Re: [PATCH RFC] Imporve 64bit memset performance for Haswell CPU with AVX2 instruction
- From: Ling Ma <ling dot ma dot program at gmail dot com>
- To: neleai at seznam dot cz
- Cc: libc-alpha at sourceware dot org, rth at twiddle dot net, aj at suse dot com, liubov dot dmitrieva at gmail dot com, hjl dot tools at gmail dot com, Ling Ma <ling dot ml at alibaba-inc dot com>
- Date: Thu, 15 May 2014 09:05:53 +0800
- Subject: Re: [PATCH RFC] Imporve 64bit memset performance for Haswell CPU with AVX2 instruction
- Authentication-results: sourceware.org; auth=none
- References: <1396850238-29041-1-git-send-email-ling dot ma at alipay dot com> <20140513173616 dot GC5047 at domone dot podge>
2014-05-14 1:36 GMT+08:00, OndÅej BÃlka <neleai@seznam.cz>:
>
>
> On Mon, Apr 07, 2014 at 01:57:18AM -0400, ling.ma.program@gmail.com wrote:
>> From: Ling Ma <ling.ml@alibaba-inc.com>
>>
>> In this patch we take advantage of HSW memory bandwidth, manage to
>> reduce miss branch prediction by avoid using branch instructions and
>> force destination to be aligned with avx instruction.
>>
> Now when we have a haswell machine on our department I tested this
> implementation. Benchmark used and results are here.
>
> http://kam.mff.cuni.cz/~ondra/benchmark_string/memset_profile_avx130514.tar.bz2
> http://kam.mff.cuni.cz/~ondra/benchmark_string/memset_profile_avx.html
>
> This patch improves large inputs and does not regress
> small inputs much which gives a total 10% improvement on gcc test, it
> could be improved but it now looks good enough.

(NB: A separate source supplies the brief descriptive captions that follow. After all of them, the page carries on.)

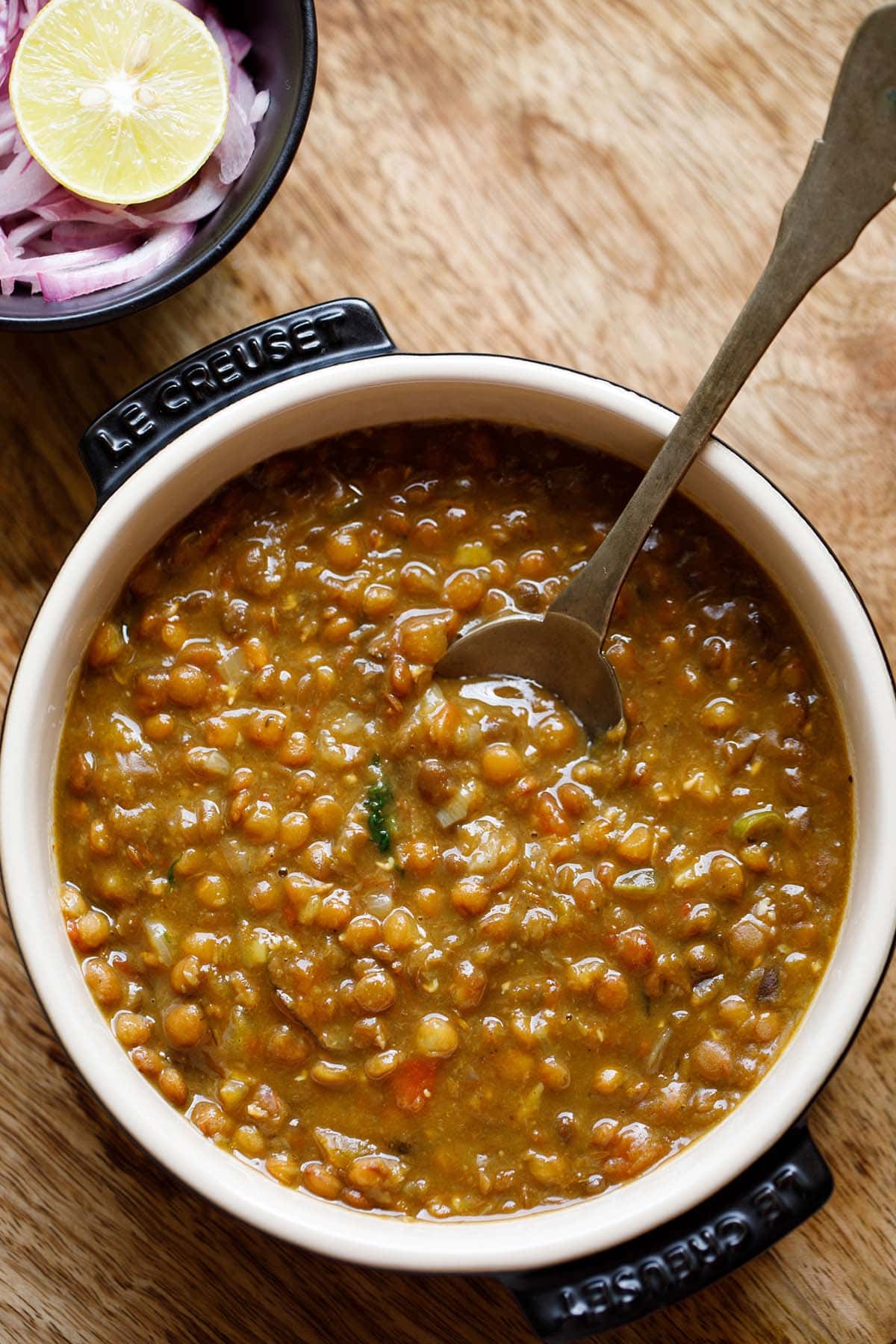 brown lentils or whole masoor dal in bowl with spoon inside the lentils.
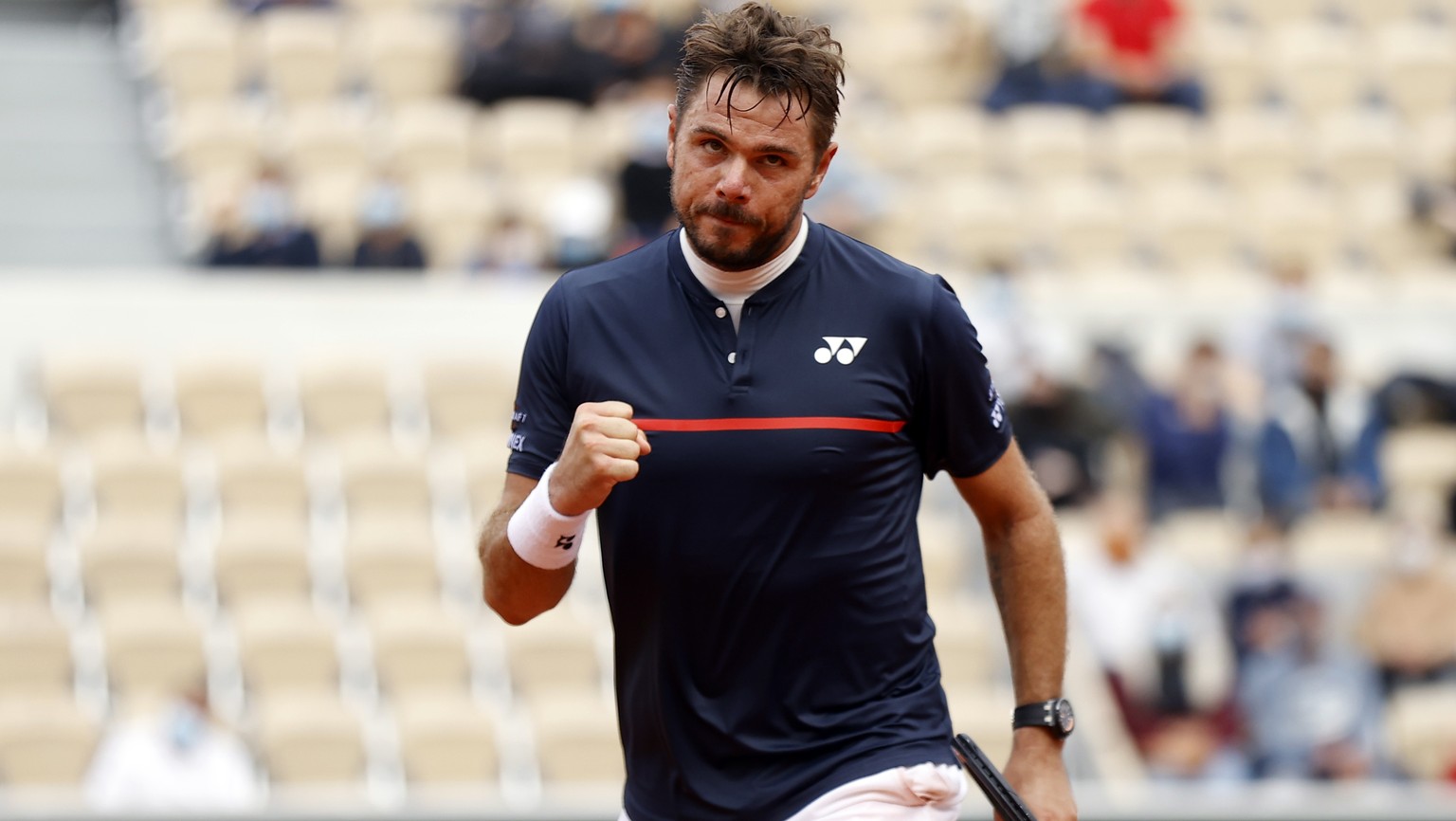 epa08708190 Stan Wawrinka of Switzerland reacts as he plays Dominik Koepfer of Germany during their men?s second round match during the French Open tennis tournament at Roland ?Garros in Paris, France ...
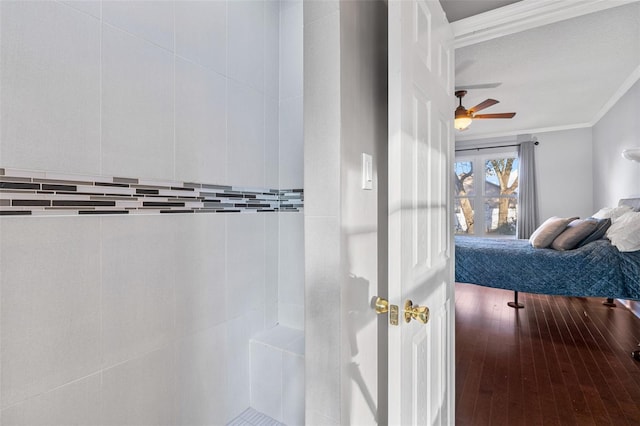 bathroom with ceiling fan, ornamental molding, and wood-type flooring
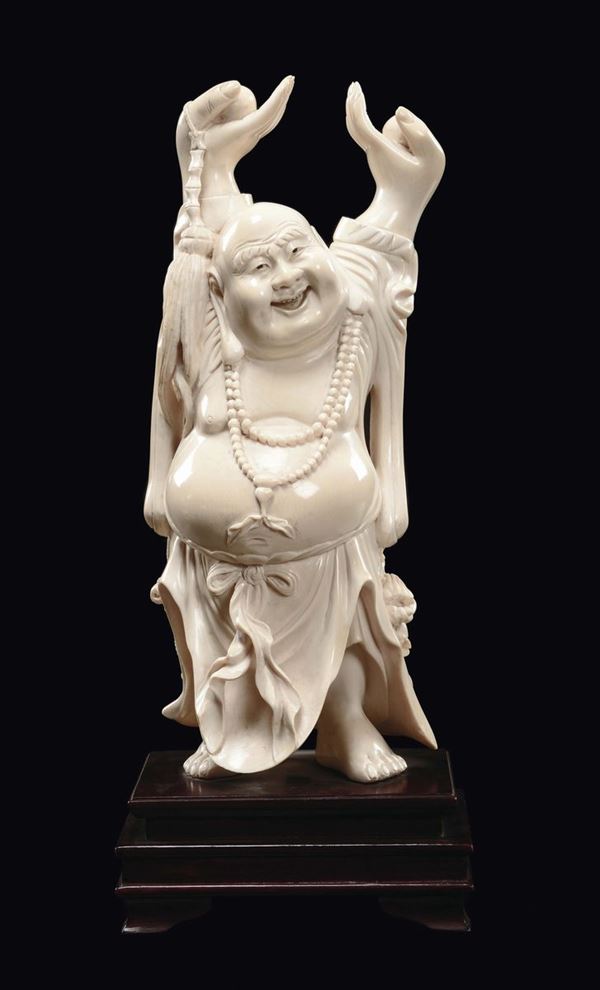 A carved ivory cheering Budai with raised arms, China, early 20th century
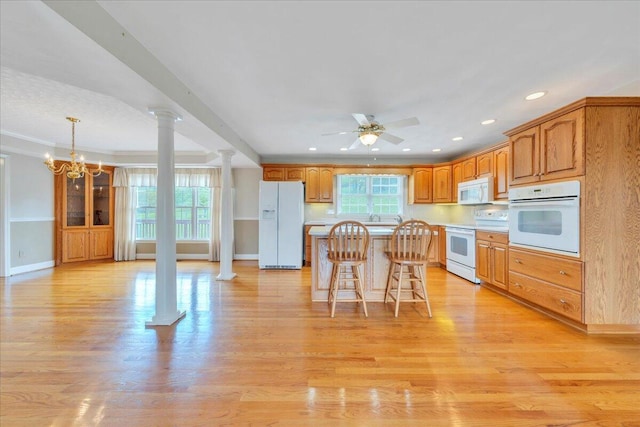 kitchen with white appliances, a kitchen breakfast bar, ceiling fan with notable chandelier, a center island, and ornate columns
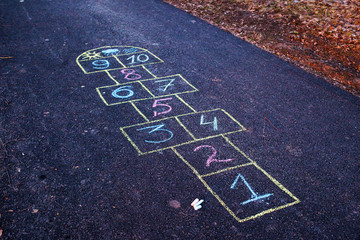 Hopscotch game being drawn with a chalk on the asphalt ground as seen from above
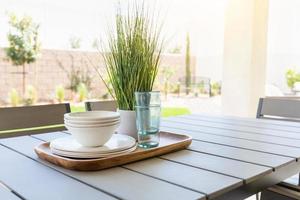 Outdoor Patio Setting with Dishes and Glasses on Tray photo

Ling: Thanks Ondra! you give us many good suggestions and encouragement
> I tried two alternatives. First is using avx2 in header(memset_fuse).

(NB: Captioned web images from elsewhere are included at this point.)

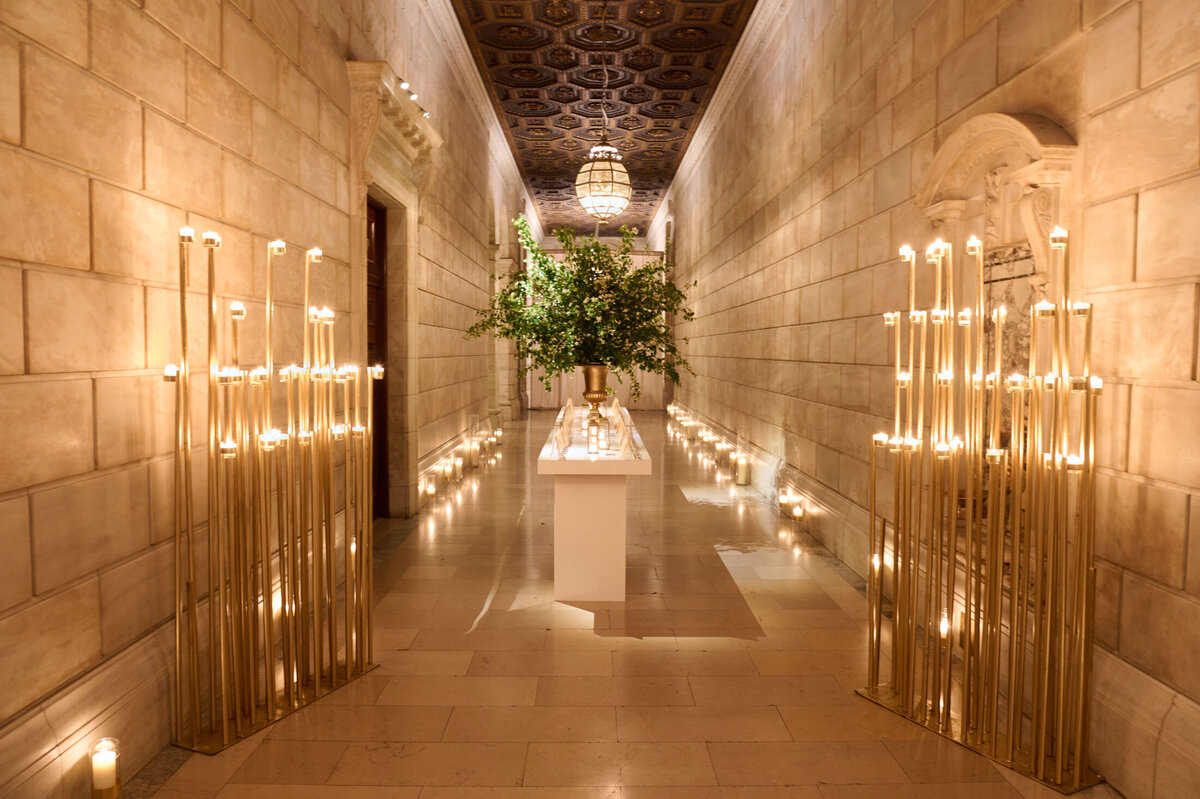 In the magnificent hallway with marble walls, lit by numerous candles mounted on tall, slender stands, located at The New York Public Library, photographed by the talented Shawn Connell. The ceiling features intricate wooden carvings and a chandelier that hangs majestically in the center. At the far end of the hallway, a white pedestal supports a large, lush arrangement of greenery, adding a touch of natural elegance to the grandeur of the space. Videography captured by Aaron Navak Films.
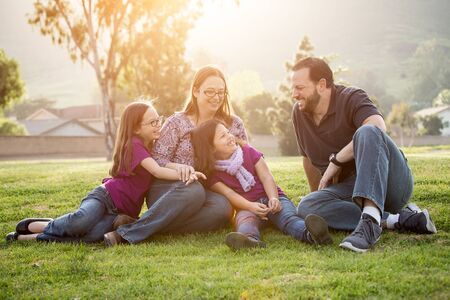 Happy family spending time in the parkの写真素材
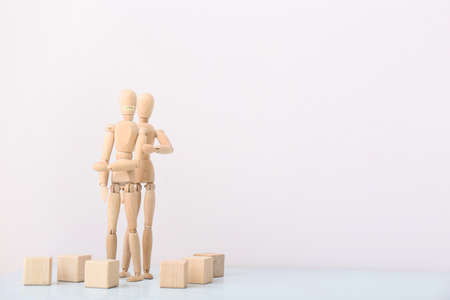 Wooden mannequins on light background. Concept of violenceの写真素材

> It look it helps, it adds additional 0.5% of performance. However I tried
> to
> crosscheck this with bash shell where comparison is in opposite
> direction so I not entirely sure yet, see
>
> http://kam.mff.cuni.cz/~ondra/benchmark_string/haswell/memset_profile_avx/results_bash/result.html
>
Ling: Yes, we did the experiment on our 403.gcc(I list the download
address below), it slows performance between 0 and 256 bytes although
another benchmark gave us good result, so I said it hurt performance
in my last email.
>
> Second is checking if rep treshold is best one,
> this depends on application cache layout I do not have definite answer
> yet (memset_rep and memset_avx_v2 variants), when data is in L2 cache we
> could lower treshold to 1024 bytes but it slows real inputs for some
> reason.
>
Ling: Yes, because of this reason, I once tried to use prefetch
instruction in the code, and it will also hurt performance when the
data is in L1.
>
>> The CPU2006 403.gcc benchmark also indicate this patch improves
>> performance
>> from 22.9% to 59% compared with original memset implemented by sse2.
>>
> I inspected that benchmark with my profiler is not that good as its only
> simple
> part of gcc and two third of total time is spend on 240 long inputs.
Ling: please download www.yunos.org/tmp/test.memcpy.memset.zip, which
includes our whole benchmark ,readme.txt and result.xls. we can run &
check it.
>
> A large part of speedup could be explained that avx2 implementation has
> a special case branch for 128-256 byte range but current one uses loop.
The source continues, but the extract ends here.